Selon le matérialisme historique de Karl Marx, la politique représente l'économie. Tout Etat est trop dépendant de la société civile. L’Etat exprime en fait toujours la domination d'une classe sociale sur les autres (cf. texte d’Engels p. 351)). La féodalité était la domination des nobles qui possédait les terres, l’Etat moderne est la domination des propriétaires et capitalistes industriels. L'Etat démocratique moderne (bourgeois) qui assure l'égalité entre citoyens, l'égalité seulement « formelle » et non pas réelle, ne servirait qu'à dissimuler l'inégalité économique. Le communisme dit que l'Etat doit prendre le contrôle des moyens de production à la place des classes sociales qui possèdent les capitaux, mais la théorie de Marx est que le but est d'arriver ensuite à faire disparaître l'Etat (thèse du dépérissement de l’Etat), passer du socialisme (appropriation collective) au communisme une fois que la société pourrait s’en passer.

III.2) L'Etat régule-t-il trop la société civile ?
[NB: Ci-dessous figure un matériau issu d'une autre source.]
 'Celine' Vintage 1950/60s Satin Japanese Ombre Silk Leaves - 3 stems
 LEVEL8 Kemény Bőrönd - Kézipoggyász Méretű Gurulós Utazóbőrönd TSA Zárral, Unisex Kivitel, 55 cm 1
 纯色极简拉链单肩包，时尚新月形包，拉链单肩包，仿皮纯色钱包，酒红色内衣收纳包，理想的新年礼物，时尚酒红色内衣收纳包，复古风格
Le problème de l'Etat moderne est un développement de la bureaucratie et de ses différentes fonctions. Le risque est qu'à force de surmonter et organiser la société civile, il absorbe toute la société.
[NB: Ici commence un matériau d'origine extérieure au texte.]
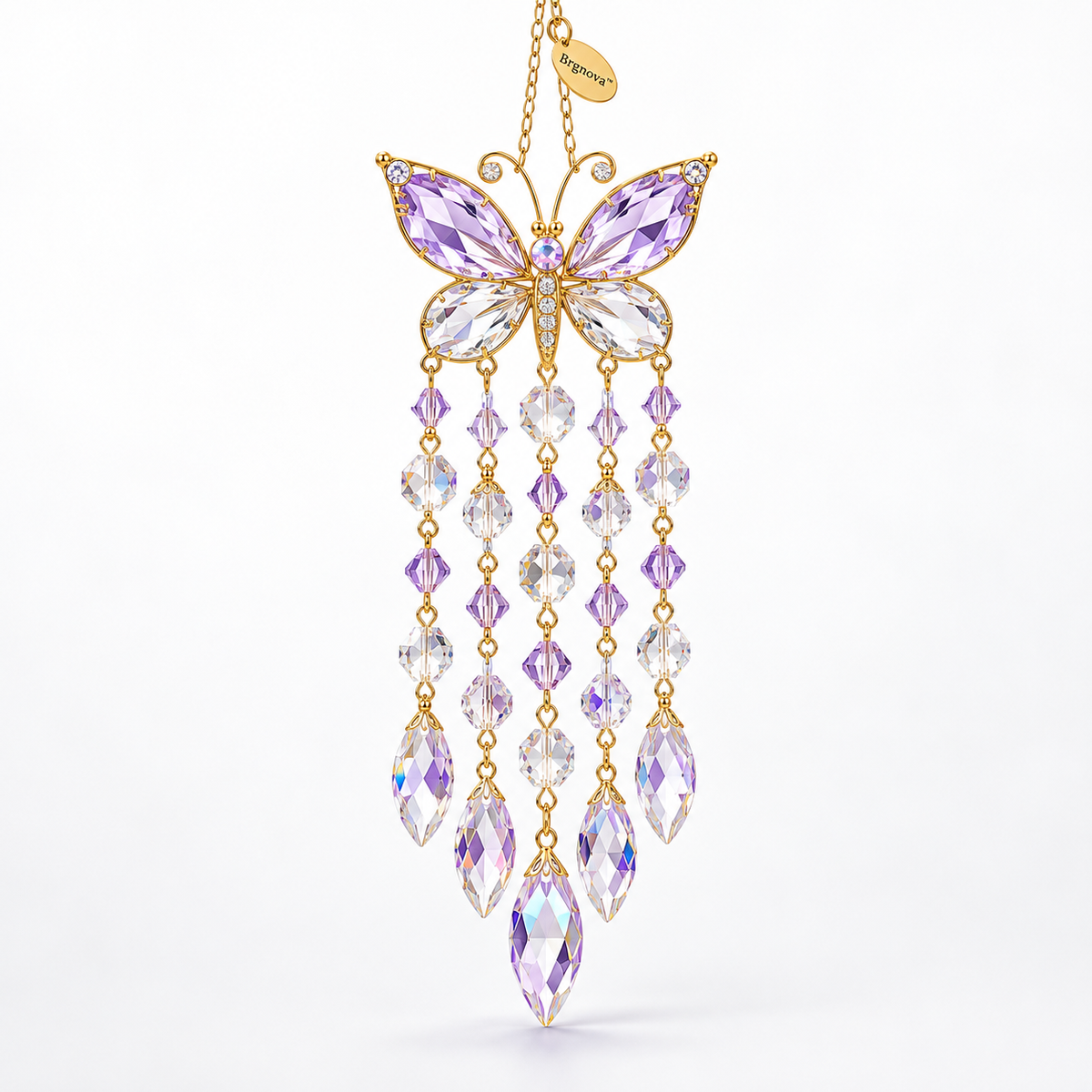Lavender Butterfly Crystal Hanging Ornament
C’est la critique des dérives de l’Etat par le libéralisme politique. Voir Alexis de Tocqueville, De la démocratie en Amérique, 1835, p. 369 : la démocratie moderne ne conduit pas nécessairement à une dictature mais elle habitue à un « despotisme mou », où les individus attendent tout de l’Etat, même sans s’en rendre compte. Ils cherchent donc moins à défendre leurs libertés qu’à disposer de ce qu’apporte l’Etat. L’homogénéité introduite par l’égalité risque de primer sur la liberté. La bureaucratie, même « bienveillante », ruinerait alors les individus. Les Libéraux insistent sur les libertés « négatives », liberté des particuliers de résister à l’Etat, contre une théorie qui met toute la liberté seulement dans la délibération politique et l’espace public. Rousseau et la Révolution jacobine aurait trop dépendu d’une conception antique de la liberté réduite à la participation aux affaires politiques.
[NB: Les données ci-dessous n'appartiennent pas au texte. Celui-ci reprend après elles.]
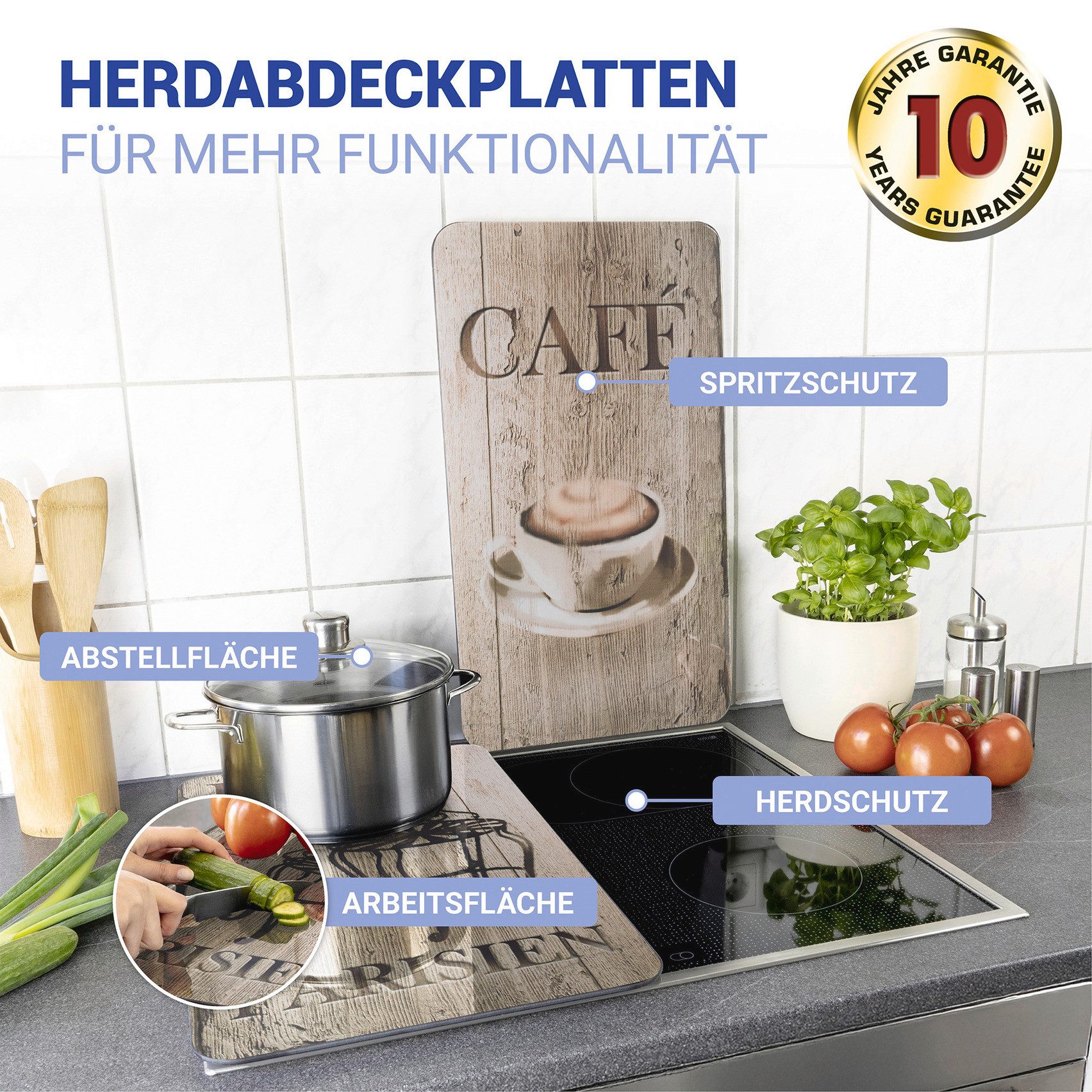 WENKO Herd-Abdeckplatte Universal Modell Bistro, Glas, (Set, 2 tlg), Herdabdeckung für alle Herdarten, kratzfest, mit rutschfesten Füßen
La forme extrême du contrôle de l’Etat sur la société est le « totalitarisme ». Le mot vient du fascisme italien de Mussolini et il est ensuite généralisé à différents systèmes politiques, fascisme et communisme soviétique par Hannah Arendt, Les origines du totalitarisme, 1951. La différence entre la tyrannie classique et le totalitarisme est que le dictateur classique voulait le pouvoir mais qu'il pouvait rester hors de la société civile alors que le totalitarisme est la doctrine où l'Etat absorbe toute la société civile : il n’y a plus de Corps intermédiaires entre l’individu et l’Etat, plus de droit à des associations ou des syndicats indépendants. Un Parti unique d’Etat prend le contrôle de tous les aspects sociaux au nom d’une philosophie obligatoire : il n’y a plus de vie publique, plus d’espace pour une libre discussion.

Hegel a vu dans l’Etat une organisation rationnelle qui devait échapper à la domination économique de la société civile mais sans non plus contrôler toute cette société civile (cf. p. 408 L’Etat comme condition pour la liberté). Il y aurait deux risques opposés d’un Etat trop faible si les intérêts économiques ou les conflits communautaires dirigent tout, et d’un Etat trop dictatorial s’il ne reconnaît pas aussi un espace qui ne lui est pas complètement soumis (cf. cours sur la Liberté, le Bonheur, la Justice).

Au-delà des Etats, les citoyens peuvent aussi construire une Société des Nations qui dépasserait les conflits et les intérêts exclusifs des Etats-Nations. C’est l’idée de « cosmopolitisme » (cf. Kant, Idée d’une histoire universelle, 1784).